Milliron is not in custody and the alleged lovers are both in the courtroom surrounded by each other’s attorneys. They rarely made eye contact and neither showed emotion during Wednesday’s opening statements.
Also in the courtroom were Rudolph’s two grown children, AnaBianca, a dentist, and Julian, an attorney. They stood up arm-in-arm when they were introduced to the jury by their father's attorney. The two arrived and left the courthouse together and sat directly behind the defense tables in support of their dad.
A key witness in the prosecution’s case will be a bartender at a posh Phoenix steakhouse where Rudolph and Milliron were regulars. In 2020, Brian Lovelace told law enforcement that he overheard a stunning conversation between the couple where he was serving them just as an overhead music loop was shifting songs.
“In that moment,” Assistant U.S. Attorney Bishop Grewell told the jury, “Larry Rudolph growled, ‘I killed my f... wife for you!'" To which Milliron stormed out of the restaurant, Grewell said.
Rudolph’s attorney took issue with Bishop’s account of the conversation, saying the two were actually arguing about Rudolph’s son being on the dental office payroll. What the dentist actually yelled, markus told the jury, was “I have bigger issues!
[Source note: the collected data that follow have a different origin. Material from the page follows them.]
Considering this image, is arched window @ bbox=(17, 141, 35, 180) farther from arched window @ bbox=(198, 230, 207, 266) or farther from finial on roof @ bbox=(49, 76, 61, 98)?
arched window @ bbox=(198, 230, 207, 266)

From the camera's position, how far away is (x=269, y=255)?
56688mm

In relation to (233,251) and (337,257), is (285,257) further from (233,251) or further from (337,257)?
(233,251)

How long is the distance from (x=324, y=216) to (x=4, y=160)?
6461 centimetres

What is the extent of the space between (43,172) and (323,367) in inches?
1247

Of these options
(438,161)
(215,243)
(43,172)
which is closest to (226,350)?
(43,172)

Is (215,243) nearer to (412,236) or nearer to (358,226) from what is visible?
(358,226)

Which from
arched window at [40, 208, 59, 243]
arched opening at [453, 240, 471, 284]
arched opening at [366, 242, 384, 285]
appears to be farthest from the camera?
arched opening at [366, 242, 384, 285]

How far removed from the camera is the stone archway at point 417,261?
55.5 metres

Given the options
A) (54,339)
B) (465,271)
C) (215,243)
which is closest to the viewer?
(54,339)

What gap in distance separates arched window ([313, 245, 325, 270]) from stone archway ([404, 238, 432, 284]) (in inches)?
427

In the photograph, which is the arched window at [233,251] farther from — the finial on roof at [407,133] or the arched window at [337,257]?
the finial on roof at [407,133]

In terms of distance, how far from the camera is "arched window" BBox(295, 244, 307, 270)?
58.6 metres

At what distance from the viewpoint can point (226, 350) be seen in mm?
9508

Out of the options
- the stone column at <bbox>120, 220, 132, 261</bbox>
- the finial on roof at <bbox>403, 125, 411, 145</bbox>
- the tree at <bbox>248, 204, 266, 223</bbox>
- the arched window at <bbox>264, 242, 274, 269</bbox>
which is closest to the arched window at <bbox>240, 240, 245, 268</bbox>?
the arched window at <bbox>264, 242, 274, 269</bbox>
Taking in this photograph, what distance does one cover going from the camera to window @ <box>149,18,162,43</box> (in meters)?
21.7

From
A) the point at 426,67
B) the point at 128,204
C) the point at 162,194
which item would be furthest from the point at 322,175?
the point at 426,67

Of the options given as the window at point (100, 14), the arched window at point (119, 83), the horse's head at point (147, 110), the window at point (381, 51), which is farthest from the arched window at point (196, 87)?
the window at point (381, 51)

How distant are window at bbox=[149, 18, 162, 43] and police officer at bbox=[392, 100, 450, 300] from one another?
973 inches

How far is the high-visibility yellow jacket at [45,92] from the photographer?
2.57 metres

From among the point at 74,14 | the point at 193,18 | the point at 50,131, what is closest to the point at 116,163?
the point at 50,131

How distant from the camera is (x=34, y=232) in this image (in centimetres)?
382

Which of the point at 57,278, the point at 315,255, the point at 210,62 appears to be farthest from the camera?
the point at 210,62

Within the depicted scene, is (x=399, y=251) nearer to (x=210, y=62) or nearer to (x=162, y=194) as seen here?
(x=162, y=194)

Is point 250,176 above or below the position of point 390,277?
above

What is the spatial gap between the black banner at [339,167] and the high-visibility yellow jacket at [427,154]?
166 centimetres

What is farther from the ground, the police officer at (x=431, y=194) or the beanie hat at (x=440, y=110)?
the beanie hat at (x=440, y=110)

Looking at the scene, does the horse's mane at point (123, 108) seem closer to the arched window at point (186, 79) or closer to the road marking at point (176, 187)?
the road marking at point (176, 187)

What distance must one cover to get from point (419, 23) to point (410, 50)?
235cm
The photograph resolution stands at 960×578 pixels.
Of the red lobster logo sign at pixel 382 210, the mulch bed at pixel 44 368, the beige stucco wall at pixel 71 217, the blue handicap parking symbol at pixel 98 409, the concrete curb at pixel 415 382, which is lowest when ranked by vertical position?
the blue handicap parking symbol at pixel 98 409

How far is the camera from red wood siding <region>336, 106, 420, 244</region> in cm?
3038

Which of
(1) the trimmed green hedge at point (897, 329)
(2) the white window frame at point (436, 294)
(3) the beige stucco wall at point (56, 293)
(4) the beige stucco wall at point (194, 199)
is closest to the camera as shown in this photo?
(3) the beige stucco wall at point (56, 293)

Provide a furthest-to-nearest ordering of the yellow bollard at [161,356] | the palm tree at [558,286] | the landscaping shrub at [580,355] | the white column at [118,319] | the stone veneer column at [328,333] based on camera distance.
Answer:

They’re saying I f... killed my wife for you!”
Each person on the 12-person two-alternate jury has an IPad on which to view exhibits, and a pad and pencil. Six are men and eight are women. Before the trial started Wednesday morning, Ruldolph's attorneys took issue with the fact that the single Black juror in the original pool was struck, but U.S. District Court Judge William Martinez resolved the complaint.
Though Bianca Rudolph's death occurred in remote southern-central Africa and the parties lived in Pittsburgh at the time, the trial is being held in Denver only because one of the insurance companies is based in Colorado. It is expected to last three weeks.